◆ Exercise prompt ◆
Quote only the span from the first line of the entries to the line containing "DATA 25 Numbers | PDF", both ends kept. Leave every picture out.

[Material for this task Boundary: Start]

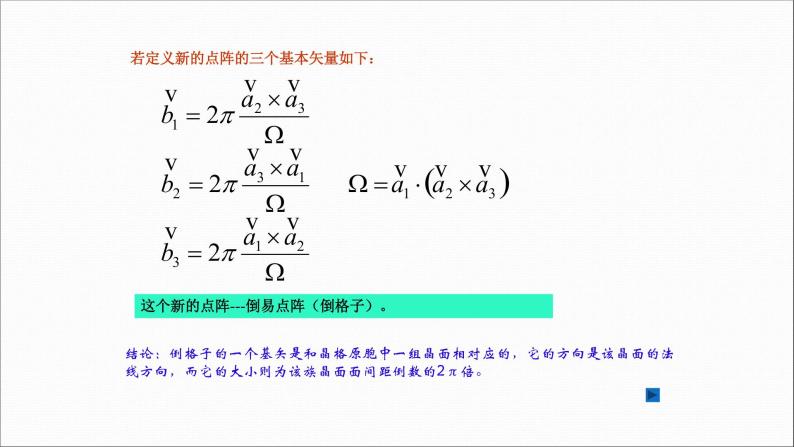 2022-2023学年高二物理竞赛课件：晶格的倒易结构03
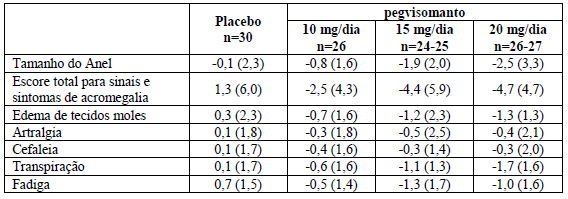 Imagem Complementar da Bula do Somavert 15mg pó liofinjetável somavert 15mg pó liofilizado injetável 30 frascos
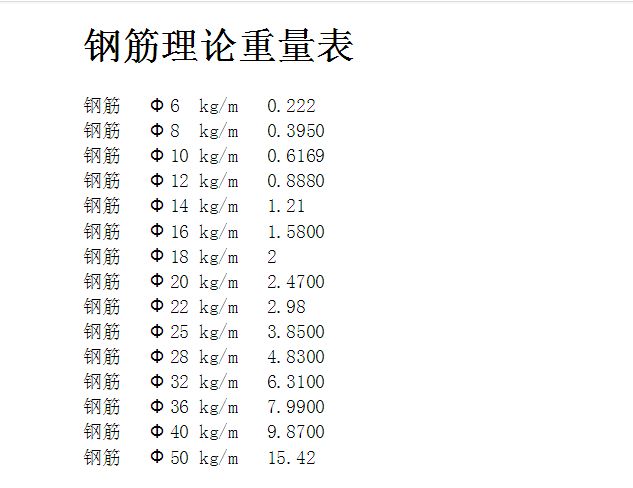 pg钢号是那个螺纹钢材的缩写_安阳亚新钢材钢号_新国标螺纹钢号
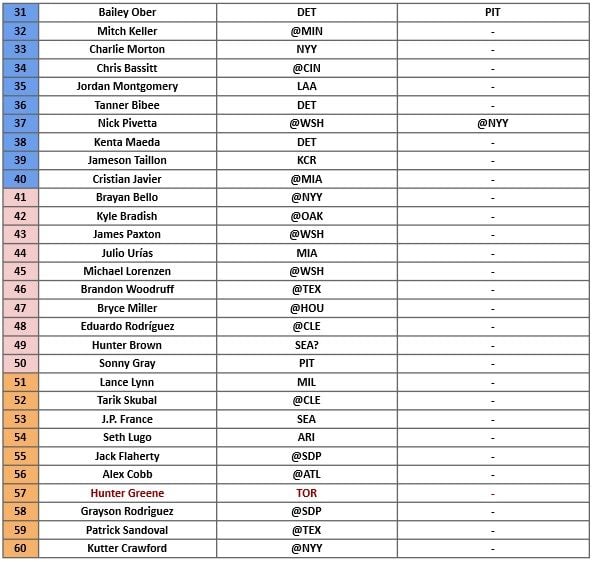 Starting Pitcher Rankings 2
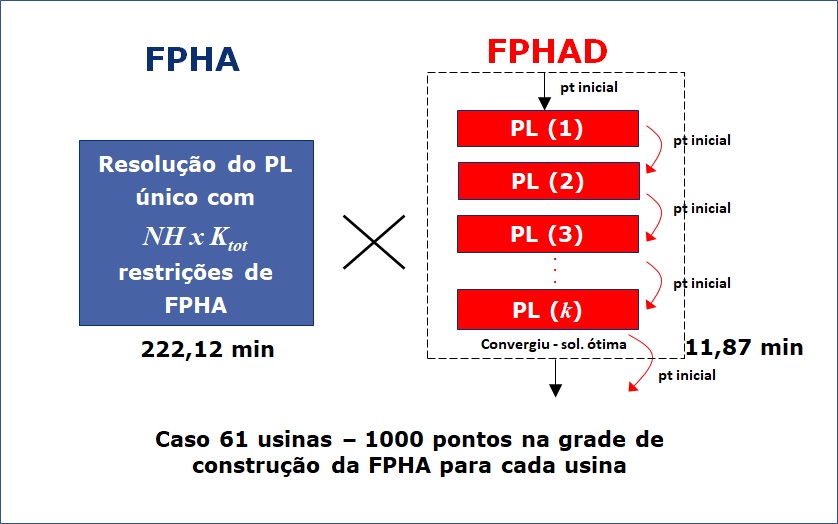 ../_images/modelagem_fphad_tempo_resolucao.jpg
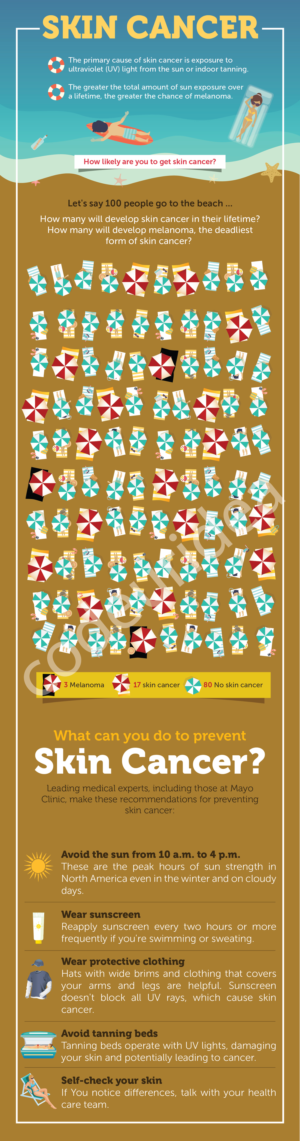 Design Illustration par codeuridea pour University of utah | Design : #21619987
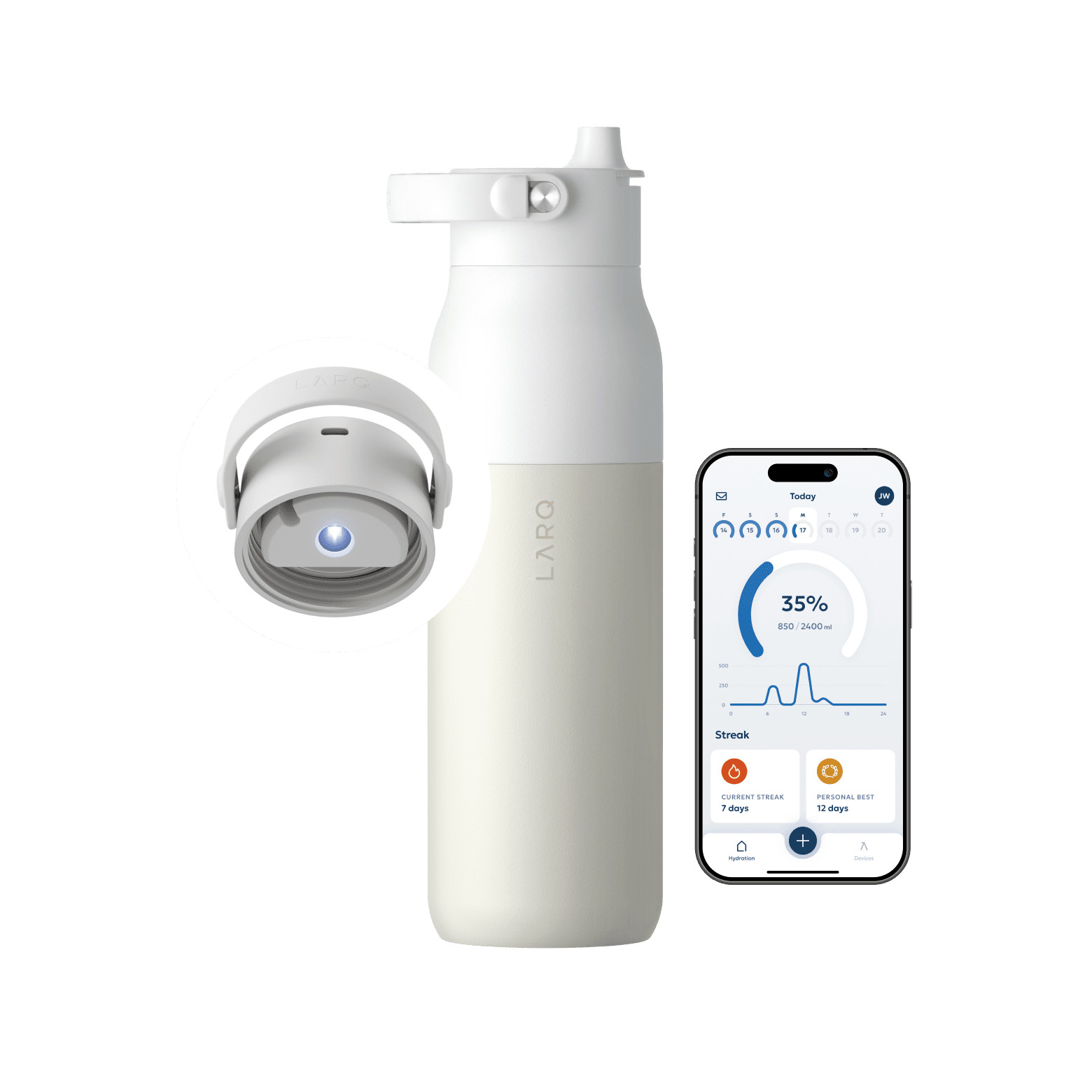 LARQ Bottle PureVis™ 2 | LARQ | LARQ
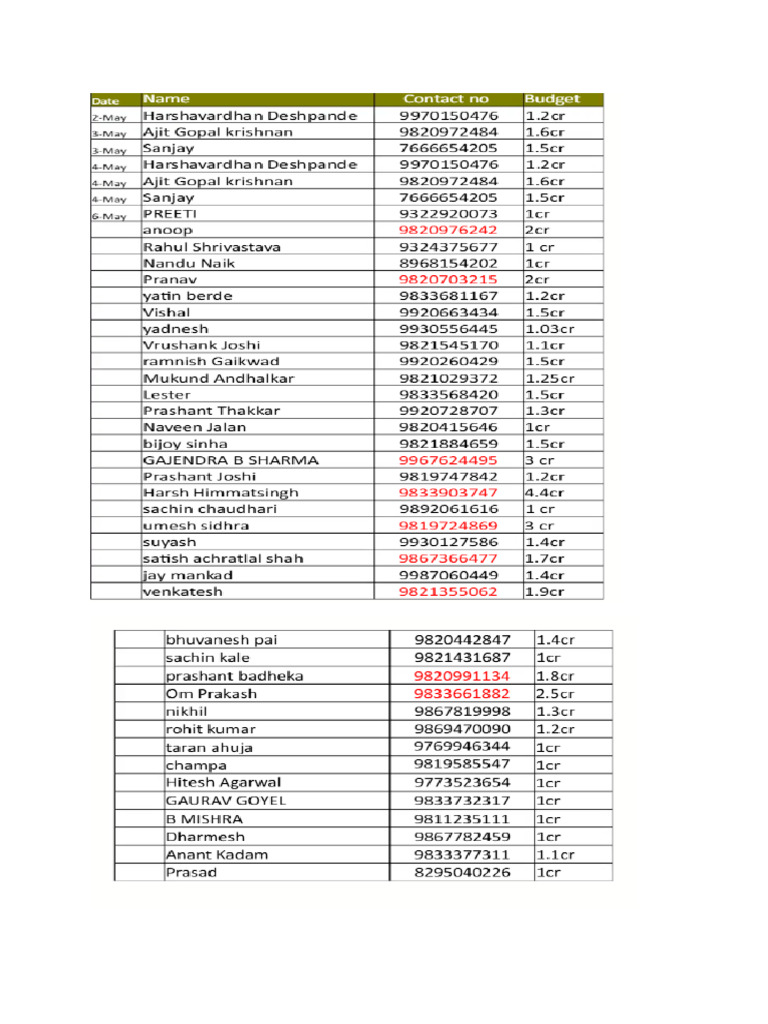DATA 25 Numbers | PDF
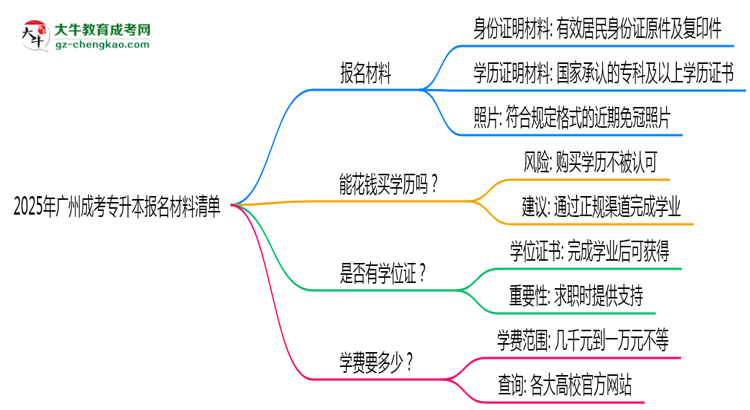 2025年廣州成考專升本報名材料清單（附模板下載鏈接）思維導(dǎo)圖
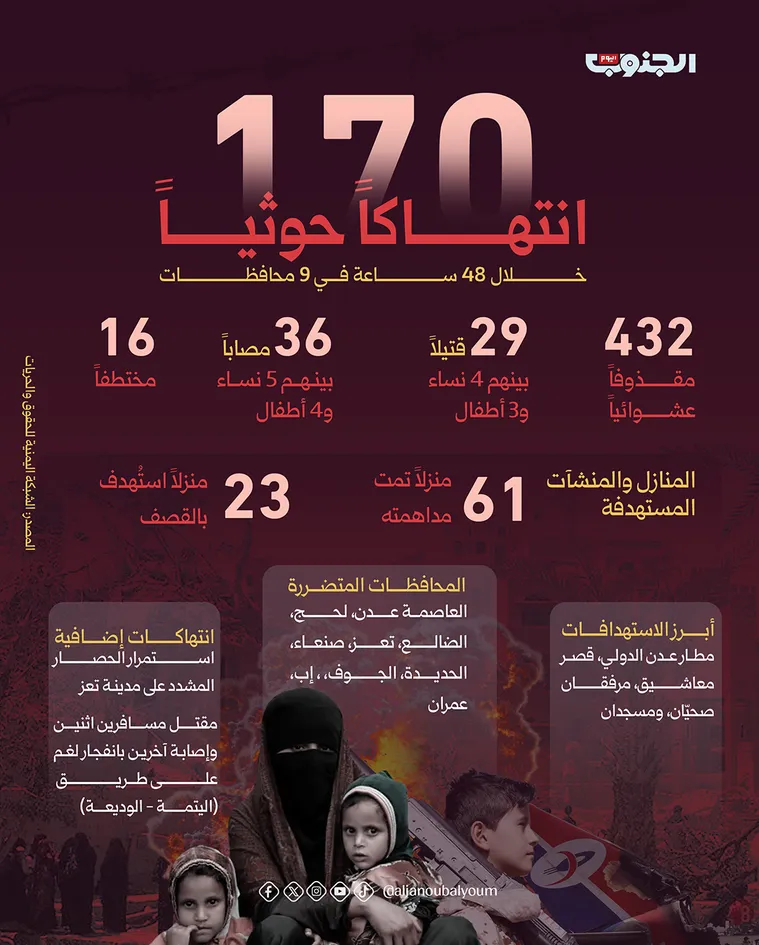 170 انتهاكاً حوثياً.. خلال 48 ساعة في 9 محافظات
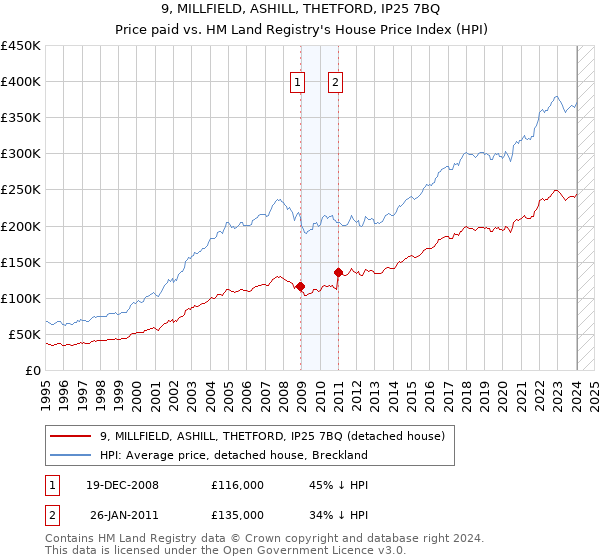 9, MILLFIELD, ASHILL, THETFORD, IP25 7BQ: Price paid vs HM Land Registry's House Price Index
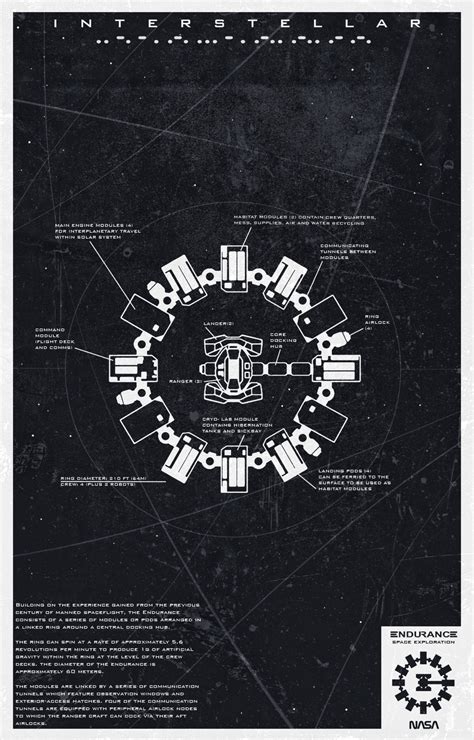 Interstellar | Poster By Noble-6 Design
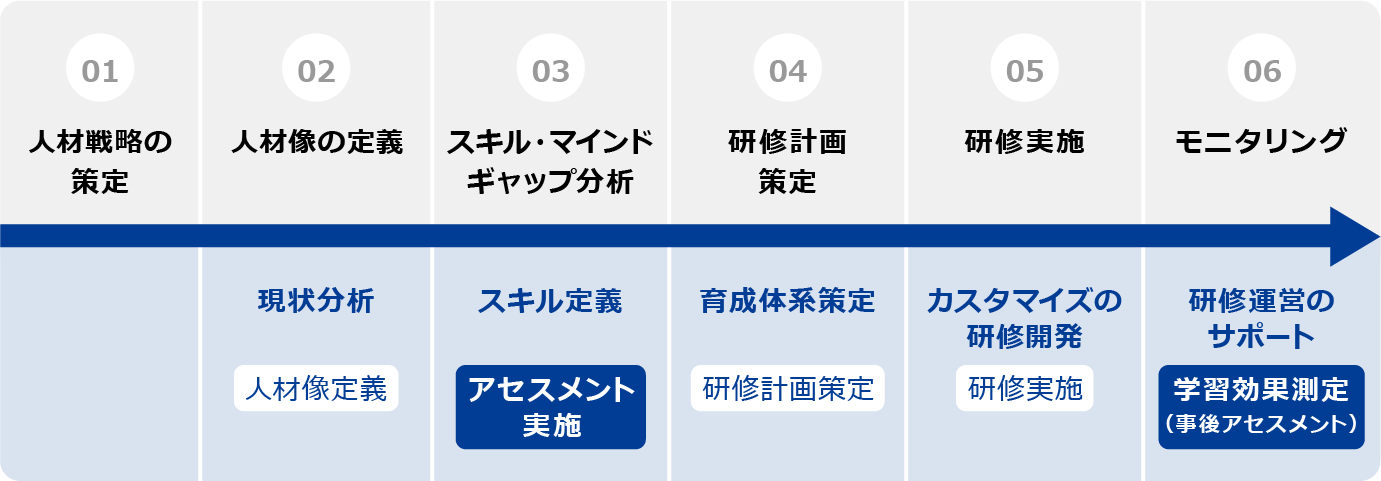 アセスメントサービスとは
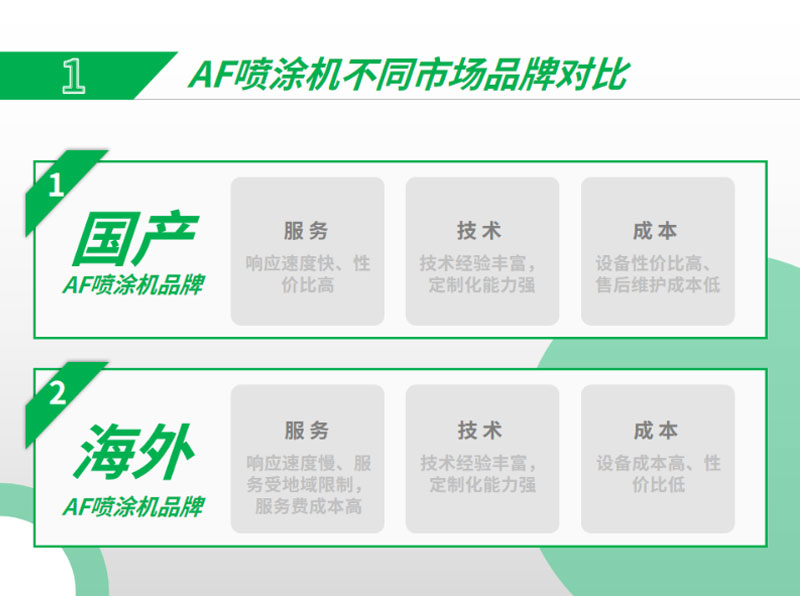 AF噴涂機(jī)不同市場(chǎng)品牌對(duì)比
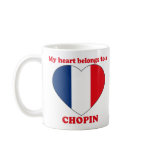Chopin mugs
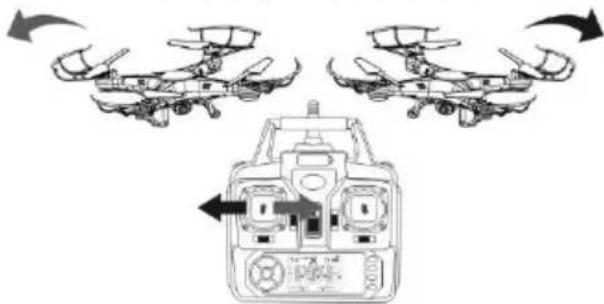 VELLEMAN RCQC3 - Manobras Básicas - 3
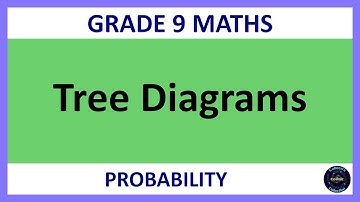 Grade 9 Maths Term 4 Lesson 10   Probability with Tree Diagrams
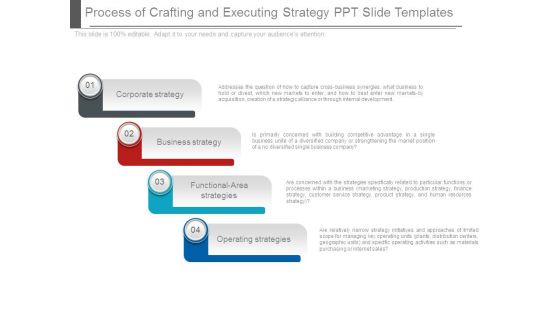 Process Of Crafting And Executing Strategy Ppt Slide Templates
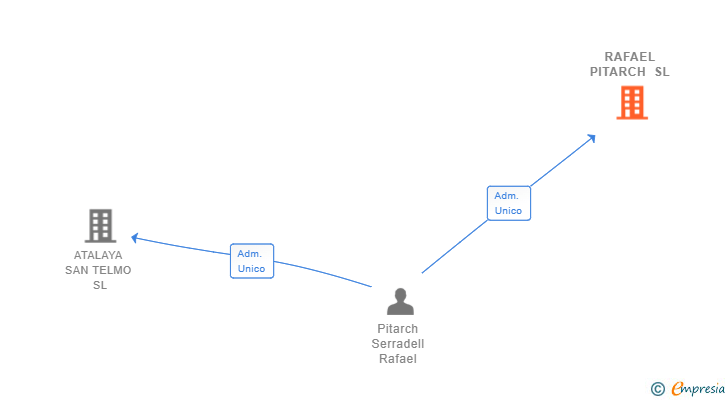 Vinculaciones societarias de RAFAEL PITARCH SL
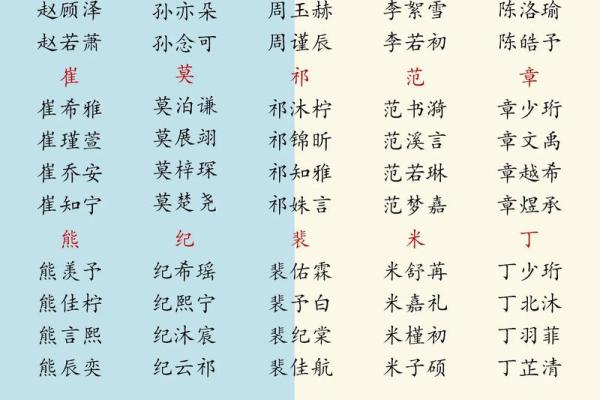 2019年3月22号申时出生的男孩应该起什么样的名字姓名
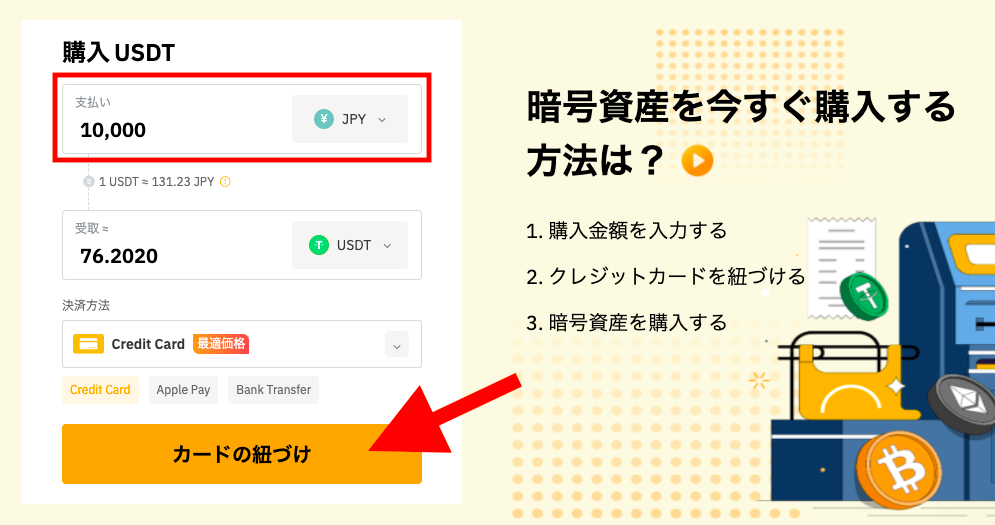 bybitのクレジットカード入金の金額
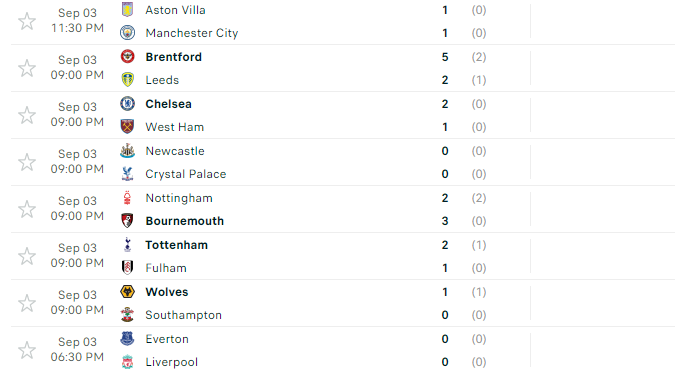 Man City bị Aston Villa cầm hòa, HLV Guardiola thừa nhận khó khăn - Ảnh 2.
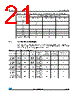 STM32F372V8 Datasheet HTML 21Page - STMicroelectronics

[Material for this task Boundary: End]

◆ Expected answer ◆
 2022-2023学年高二物理竞赛课件：晶格的倒易结构03
 Imagem Complementar da Bula do Somavert 15mg pó liofinjetável somavert 15mg pó liofilizado injetável 30 frascos
 pg钢号是那个螺纹钢材的缩写_安阳亚新钢材钢号_新国标螺纹钢号
 Starting Pitcher Rankings 2
 ../_images/modelagem_fphad_tempo_resolucao.jpg
 Design Illustration par codeuridea pour University of utah | Design : #21619987
 LARQ Bottle PureVis™ 2 | LARQ | LARQ
DATA 25 Numbers | PDF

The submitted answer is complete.